Describe the bug:
Upgrading a namespace-scoped (i.e. uses Issuers, not ClusterIssuers) cert-manager from v0.7.2 to v0.8.1, the challenges controller now tries to access cluster scoped secrets. We forbid this in RBAC policy, which catches the change in cert-manager's behavior (btw v0.7.2 and v0.8.0-alpha.0 actually):
E0629 21:36:22.953032 1 reflector.go:131] vendor/k8s.io/client-go/informers/factory.go:133: Failed to list *v1.Secret: secrets is forbidden: User "system:serviceaccount:cert-manager:cert-ma
nager" cannot list resource "secrets" in API group "" at the cluster scope
Does cert-manager challenges have new/changed code that doesn't respect the namespace scope configuration? Is there a new configuration parameter we need now to get it to be namespace-scope?
Expected behaviour:
cert-manager is specifically configured to run only a few controllers and use only a specific namespace.
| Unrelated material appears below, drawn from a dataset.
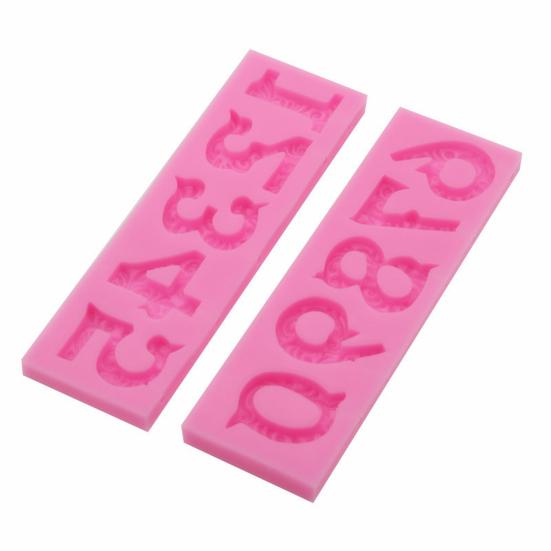 2Pcs Silicone Mold Set Non-stick Muffin Fondant Cake Chocolate Mold Heat-resistant 3D Number Shape 0-9 Numbers Embossing Baking Molds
It should not access anything at cluster scope in this configuration (repro example below).
Steps to reproduce the bug:
Here is the most minimal reproducible example with just the challenges controller (not very practical, but shows the problem)
apiVersion: apps/v1
kind: Deployment
metadata:
name: cert-manager
namespace: cert-manager
spec:
replicas: 1
selector:
matchLabels:
name: cert-manager
template:
metadata:
labels:
name: cert-manager
spec:
serviceAccountName: cert-manager
containers:
- name: cert-manager
image: quay.io/jetstack/cert-manager-controller:v0.8.0-alpha.0
args:
- --namespace=$(POD_NAMESPACE)
- --leader-election-namespace=$(POD_NAMESPACE)
- --cluster-resource-namespace=$(POD_NAMESPACE)
- --controllers=challenges
env:
- name: POD_NAMESPACE
valueFrom:
fieldRef:
fieldPath: metadata.namespace
Such pods will spew the RBAC error listed above (for repro, you could use a SA with not permissions). Change the version back to v0.7.2 and the challenges controller will start.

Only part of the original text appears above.